╔══
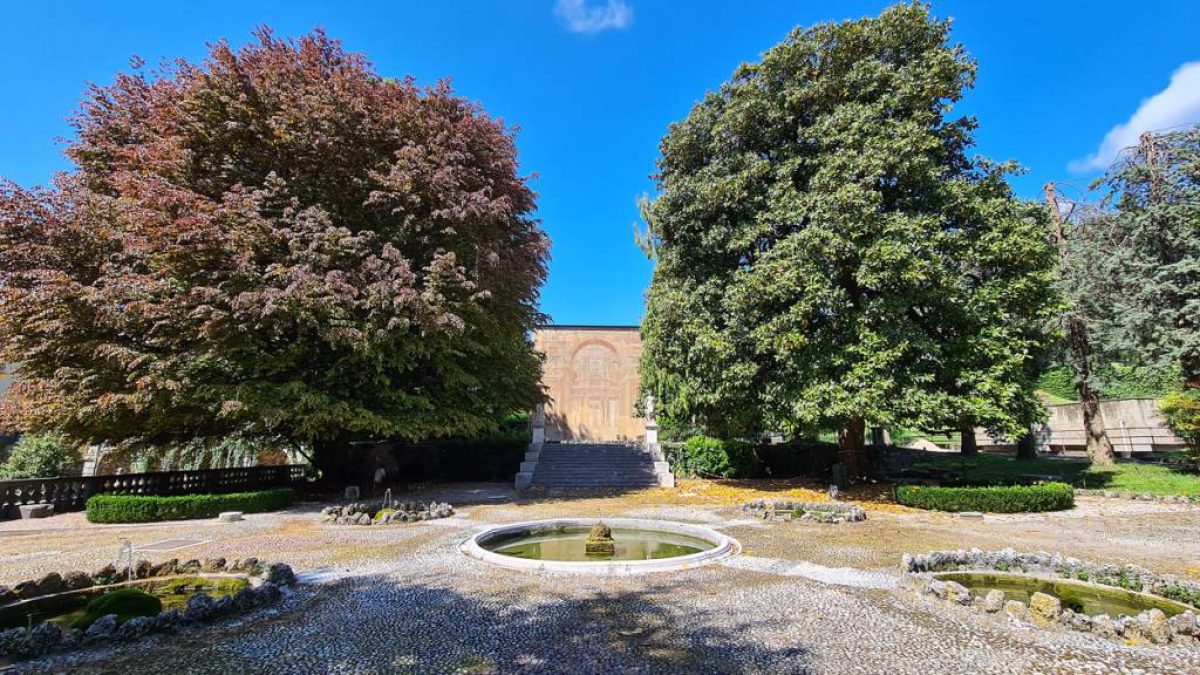 Giardini di Fondazione Richiedei - Brescia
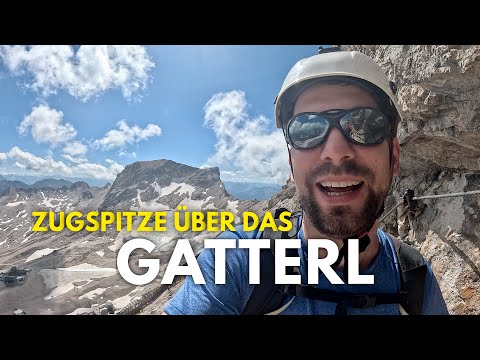 Zugspitze via Gatterl: Der LEICHTESTE Weg auf Deutschlands höchsten Berg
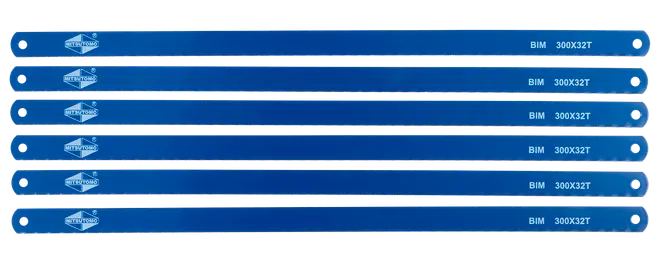 Mitsutomo Nedstrygerklinge HSS 300 mm 32T 6-pak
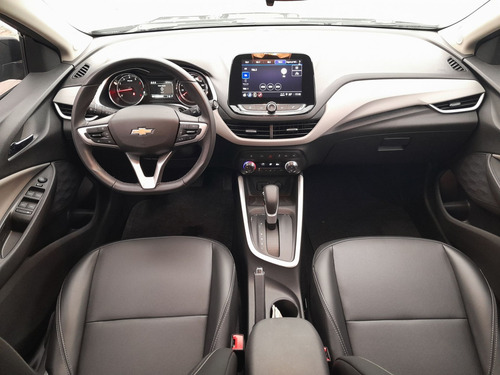Chevrolet Onix 1.0 TURBO FLEX PLUS PREMIER AUTOMÁTICO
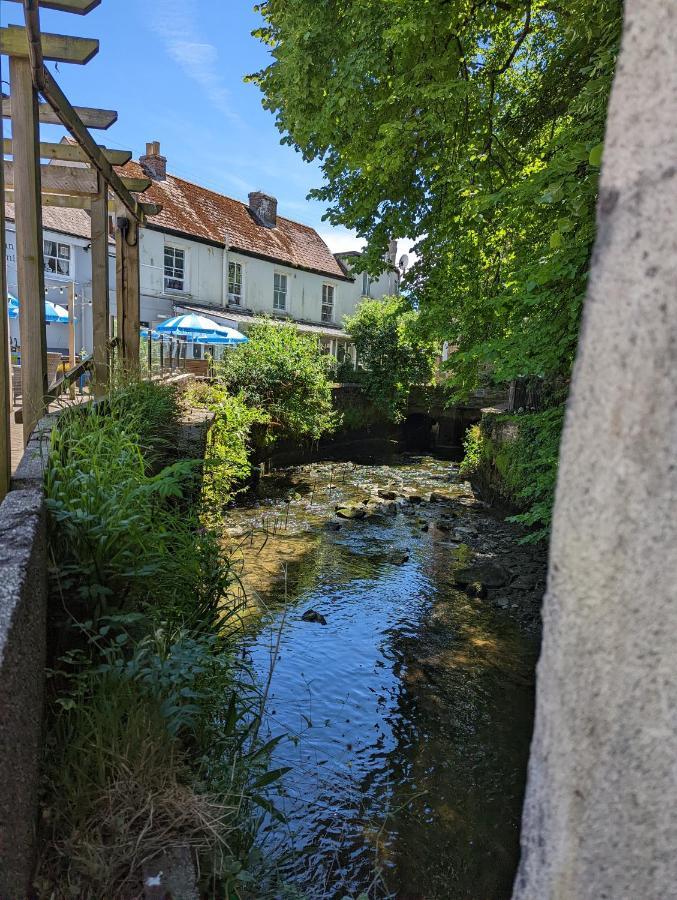 Barley Sheaf, Old Bridge Street En Suite Rooms, Room Only Τρούρο Εξωτερικό φωτογραφία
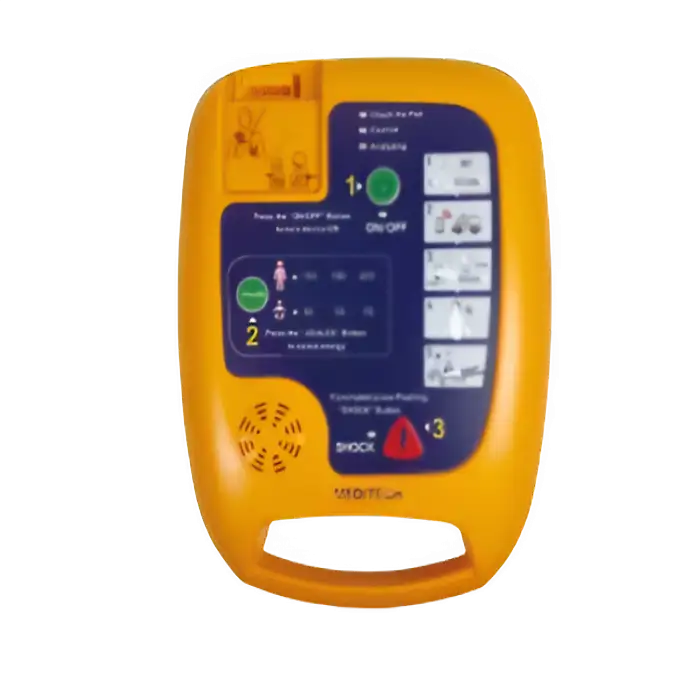 CE Approval Meditech Defi5s Portable Automated External Defibrillator select-table energy,First-Aid Devices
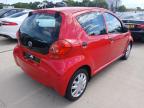 2007 TOYOTA AYGO VVT-I for sale at Copart SANDY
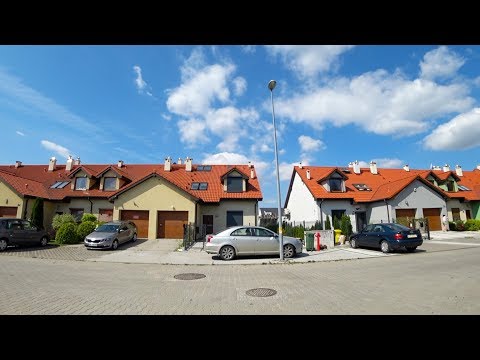 Видео: ПРИГОРОД ВРОЦЛАВА - СМОЛЕЦ. ПОЛЬША.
╚══
• EXERCISE DESCRIPTION
Without the pictures, copy the entries from their first line through the line containing "Barley Sheaf, Old", and only those lines.

• YOUR SOLUTION
 Giardini di Fondazione Richiedei - Brescia
 Zugspitze via Gatterl: Der LEICHTESTE Weg auf Deutschlands höchsten Berg
 Mitsutomo Nedstrygerklinge HSS 300 mm 32T 6-pak
Chevrolet Onix 1.0 TURBO FLEX PLUS PREMIER AUTOMÁTICO
 Barley Sheaf, Old Bridge Street En Suite Rooms, Room Only Τρούρο Εξωτερικό φωτογραφία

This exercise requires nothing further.